Methods: We systematically collected pertinent literature from PubMed, Embase and Web of Science. The primary effect measures employed in this research were the hazard ratio and 95% confidence intervals. The quality and publication bias of included studies were evaluated. Subgroup analysis was conducted to explore the diversity in study outcomes.

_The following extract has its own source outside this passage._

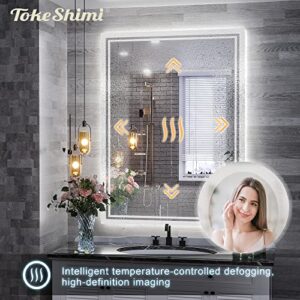 TokeShimi 32 X 24 Inch LED Bathroom Mirror with Front and Back Light 3 Color Dimmable Anti Fog Function Touch Switch Wall Mounted Bathroom Mirror with Adjustable White/Warm/Natural Lights Waterproof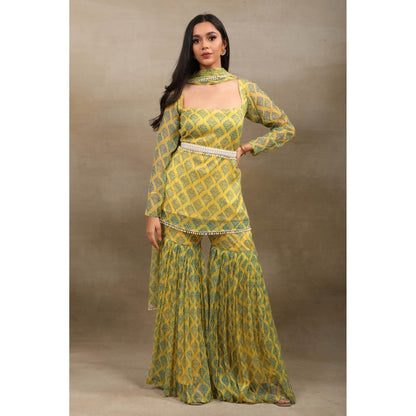 SAUBHAGYA Yellow Hand Block Print Chiffon Kurta with Sharara and Dupatta Belt (Set of 4)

Results: This comprehensive meta-analysis ultimately encompassed thirteen studies, involving a total of 11,571 patients. Elevated levels of sST2 were identified as an adverse prognostic indicator, demonstrating a substantial association not only with overall mortality (combined HR 2.4, 95% CI 1.6-3.5, P < 0.01) but also with major adverse cardiovascular events (MACEs) (HR 2.5, 95% CI 1.5-4.2, P < 0.01). Subgroup analyses revealed that increased sST2 levels were linked to higher rates of all-cause mortality and MACEs in patients with ST-segment elevation myocardial infarction (STEMI), non-ST-segment elevation myocardial infarction (NSTEMI), and other unselected subcategories of AMI.
Conclusion: Increased sST2 could predict the long-term prognosis in patients suffering from AMI.
Keywords: Soluble suppression of tumorigenicity 2 (sST2); acute myocardial infarction (AMI); major adverse cardiovascular events (MACEs); myocardial infarction (MI); prognosis.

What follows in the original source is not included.